• [WHAT YOU WILL DO]: Leave the pictures out and quote only the lines from the one with "2024 Kia Telluride S — photo 1 of 14" down to the end of the listing below.

##### PROVIDED INFORMATION #####

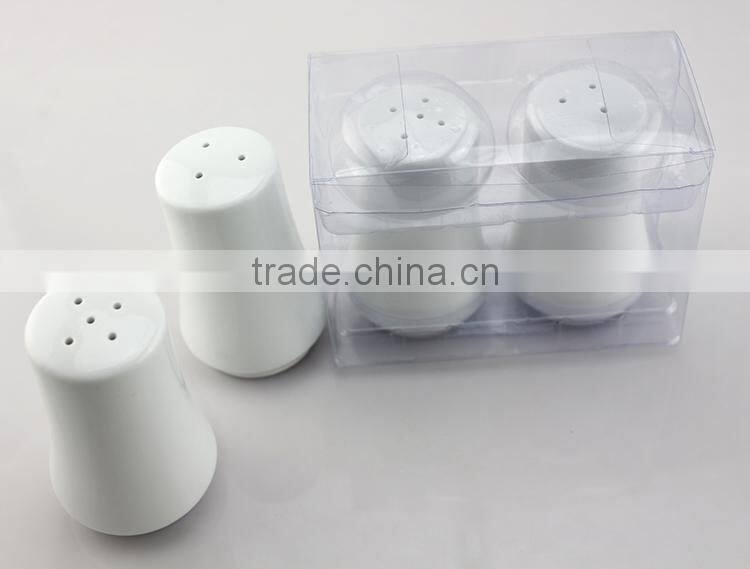 Customized logo wholesale white ceramic cruet pots, salt and pepper shaker set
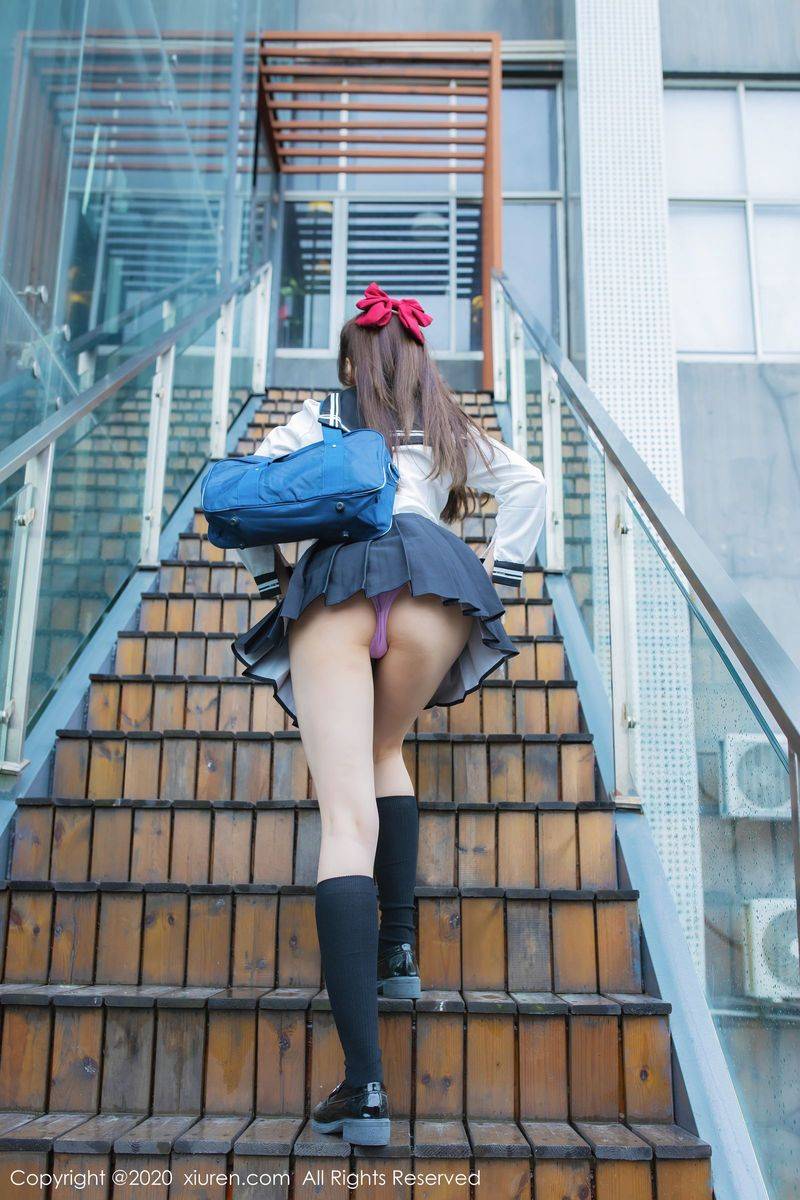 秀人网美女模特糯美子Mini学生服演绎校园时代主题性感写真-47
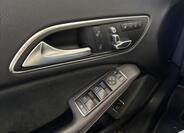 Mercedes-Benz CLA 12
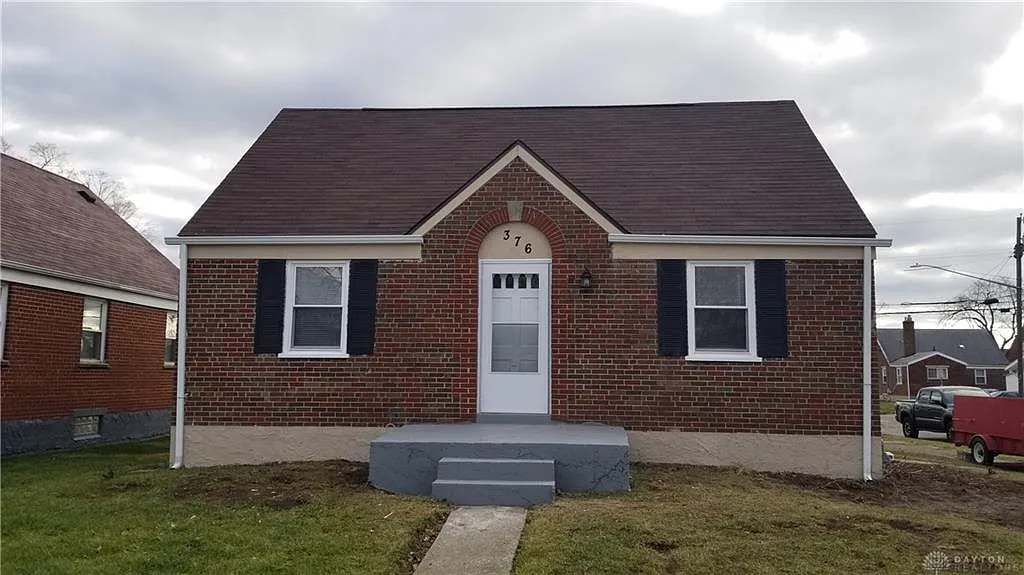 376 W Stewart St photo 1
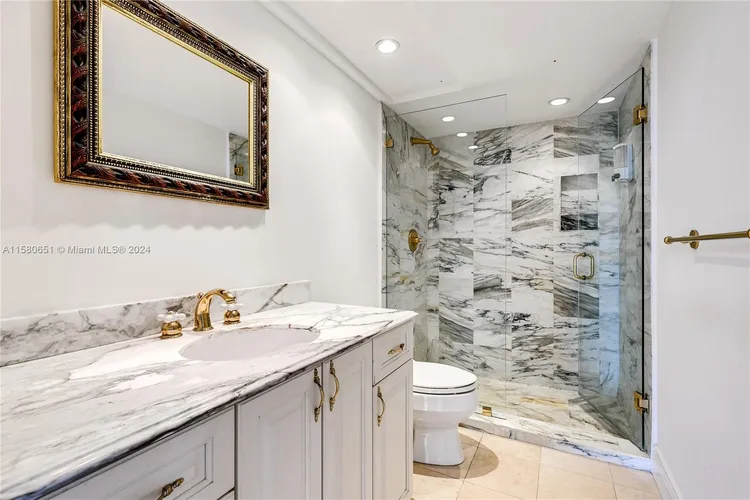 Towers of Key Biscayne #E1108 image #7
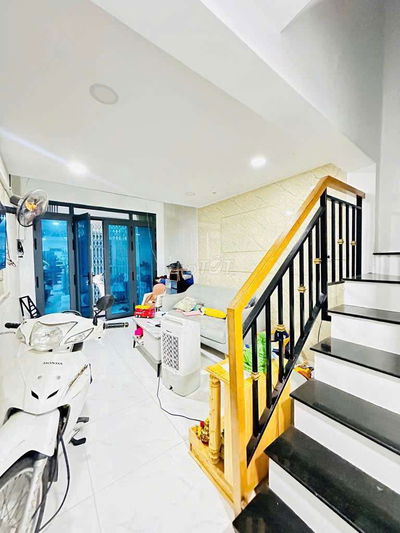 Nhà Mới XVNT_ 3 Tầng_ 4 Phòng_ Giáop Q1_ Tiện ở & Cho Thuê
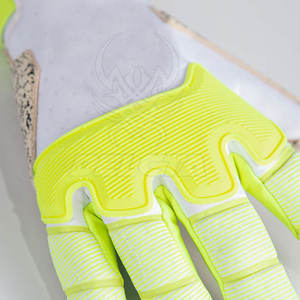 Qualité supérieure Meilleur prix Gants de gardien de but de football Gants de gardien de but de football confortables - Product Image 2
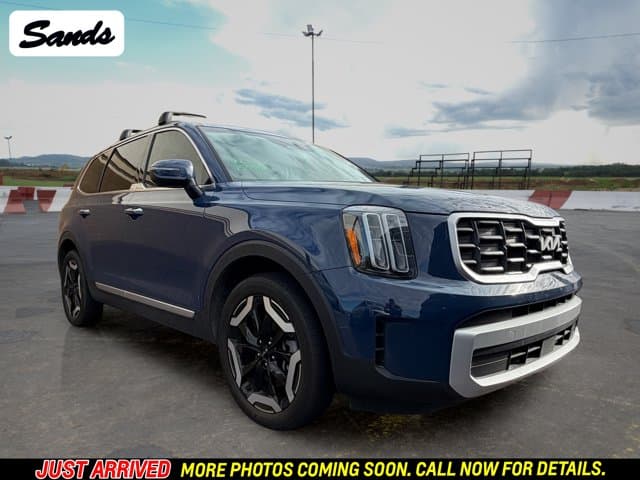 2024 Kia Telluride S — photo 1 of 14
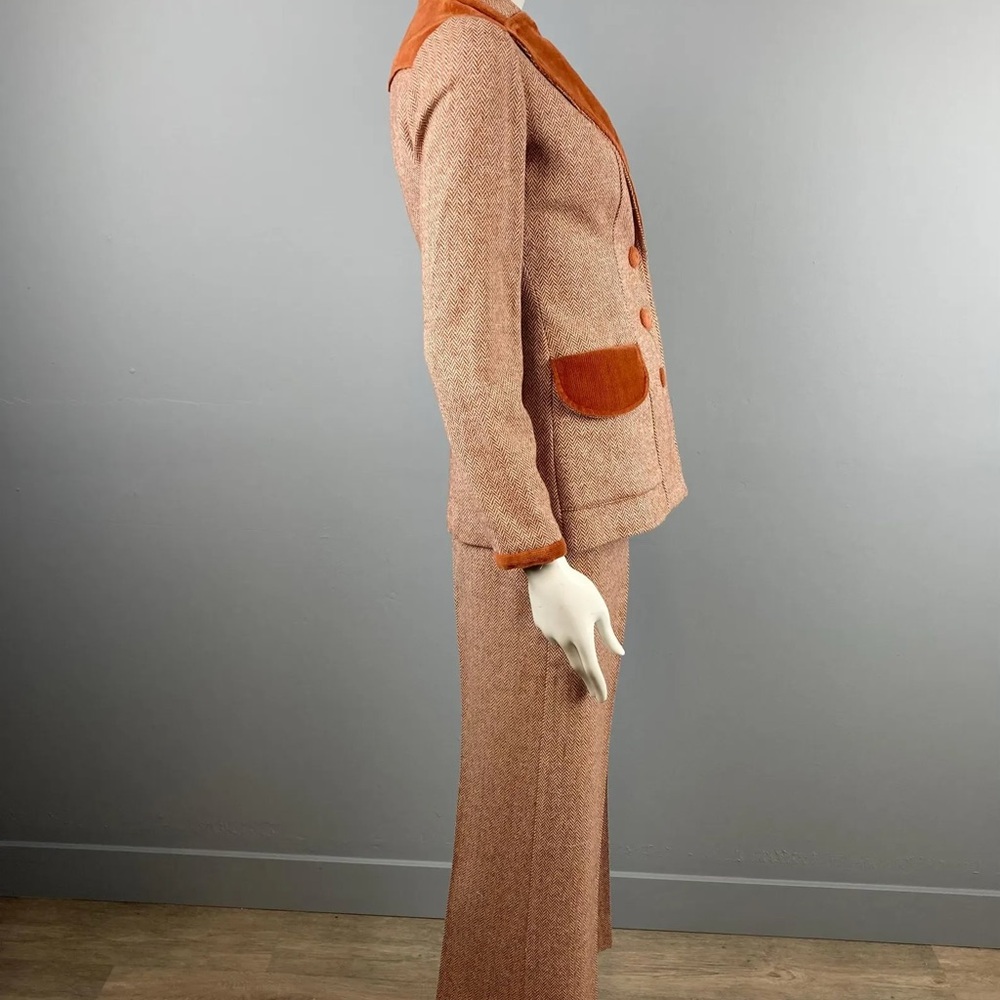 Classic Vintage 1970s Corduroy Tan and Brown Tailored Fit Wool Suit - Picture 3 of 10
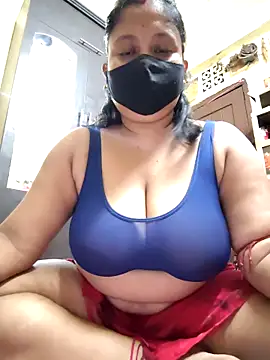 Snapshot of Curvy_Trisha chatting on 04.20.26 Curvy Trisha online show from 04.20.26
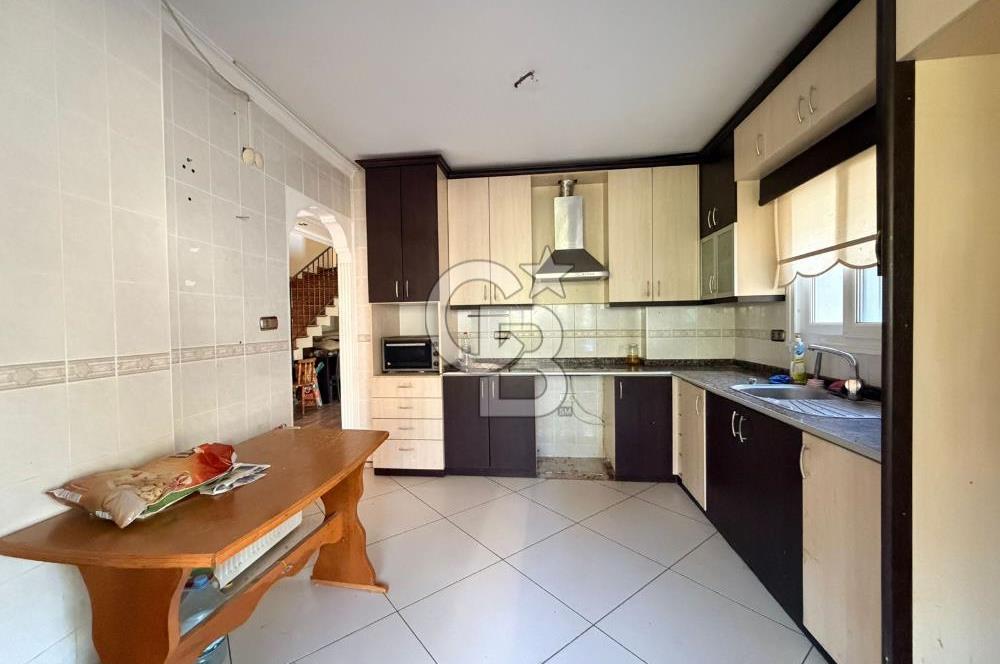 Narlıdere Limanreis'te 3+1 Satılık Villa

#####

• [RESPONSE TO THIS EXERCISE]:
 2024 Kia Telluride S — photo 1 of 14
 Classic Vintage 1970s Corduroy Tan and Brown Tailored Fit Wool Suit - Picture 3 of 10
 Snapshot of Curvy_Trisha chatting on 04.20.26 Curvy Trisha online show from 04.20.26
 Narlıdere Limanreis'te 3+1 Satılık Villa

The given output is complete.